I had just finished editing a podcast, I had saved the the file normally. What I wanted to do was compress the entire project in a zip format to send to someone else to do additional editing and instead of doing it normally I saw the “save compressed copy of project” option and thinking it was the same thing I pressed that. A bit into the save I decided I didn’t want to do that so I stopped it, I don’t remember if I pressed stop or close, but then the entire window went white so I had to force close the program. When I reopened the program a new dialog box showed up, which I have added as an attachment, and half of the audio from one of the tracks was missing. Is there anyway to recover that audio? I have looked in the temporary files on my computer and it seems to be empty. When I go into the data folder the only thing that seems to be there are the two audio files from the new save (so the one completed one and the one half audio) and the deleted audio from me originally editing the track. I still have the original audio file that is completely unedited.
Screen Shot 2015-11-09 at 9.04.23 PM.png

I still have the original audio file that is completely unedited.

Gold Star.
Is that a WAV file?
That may be the only copy of your show. I’d probably put a copy of that on an external drive/thumb drive for extra safekeeping.

I think catching Audacity mid stroke like that was not a good thing. Someone will correct me, but I think what you have is as far as Audacity got before you pulled the plug. If you don’t also have a WAV of the edited show, make strong coffee and re-edit.

Too many producers lose the original shoot files and have to shoot it all again. That’s pretty painful.

We’ll see what the other elves have to say.

Koz

So I am guessing you saw no Automatic Crash Recovery dialogue, like this:
http://manual.audacityteam.org/o/m/images/c/c4/crashrecovery.png ?

And you initiated the save of the compressed copy of the project to the same name as the original AUP file? If so, Audacity should not let you do that, because that will be bound to create orphan files when you reopen the compressed project.

This happens because when Audacity saves the compressed project and creates the lossy OGG files for each track, it removes the references in the AUP file to the project’s audio. It leaves only an instruction to import the lossy OGG files next time it opens the project. When it opens the project, it decompresses the OGG files to new AU files (of course, slightly lossy compared to the original data) then sees the original data as orphan files because they are not listed in the AUP file.

If that is what you did it may have been better to let the saving as a compressed file complete and accept you degraded your original audio.

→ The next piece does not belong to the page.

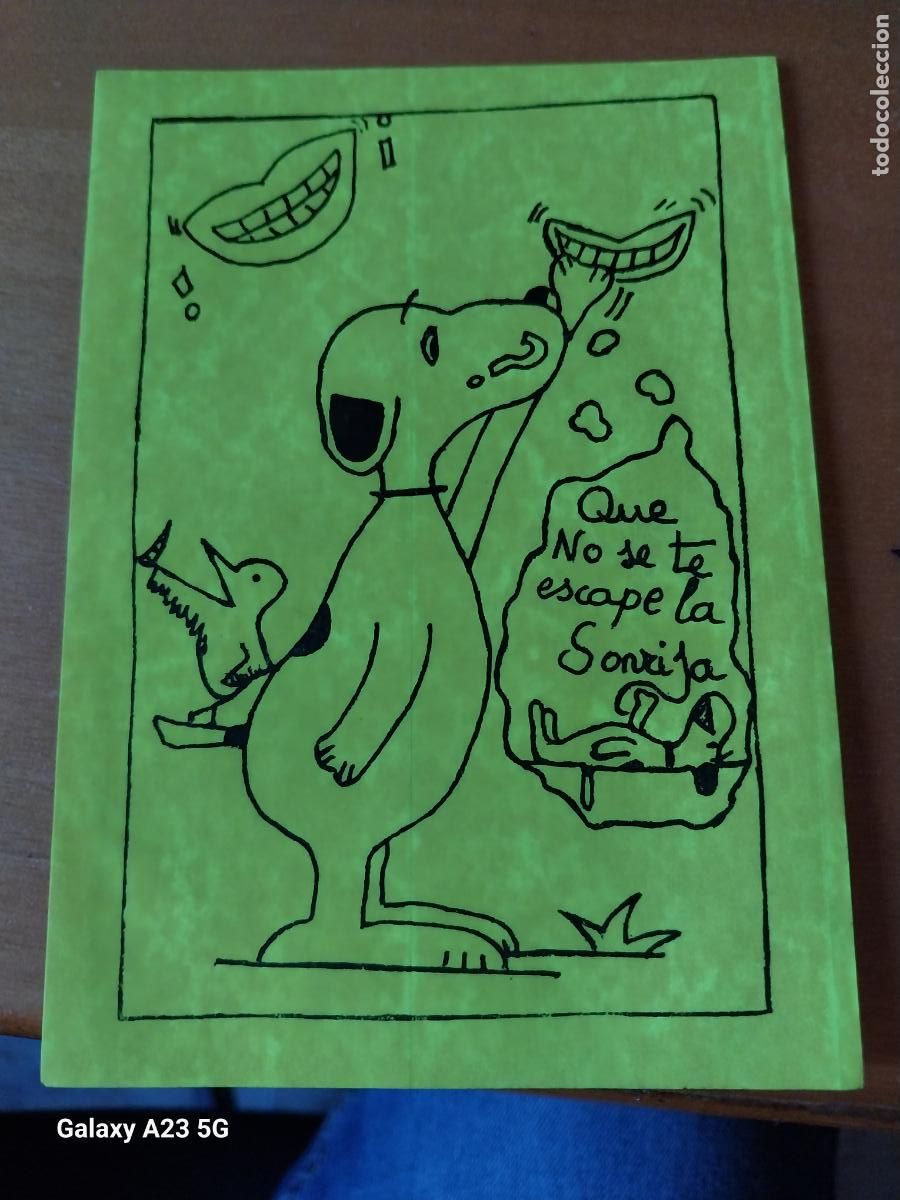 Pegatinas de colecci&oacute;n: ILUSTRACION TIPO SNOOPY CASERO PEGATINA QUE NO SE TE ESCAPE LA SONRISA A&Ntilde;OS 70 13.7X9.8CMS **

We can say I think that the orphans are some or all of your lossless original audio (I don’t think stopping or cancelling the compressed save would delete the original audio, but I have not tested that). However you can’t use that original audio data because the AUP file saving (at least started to) remove references to that data - hence you have no way to know how to piece together those orphan files that are the missing half of one track.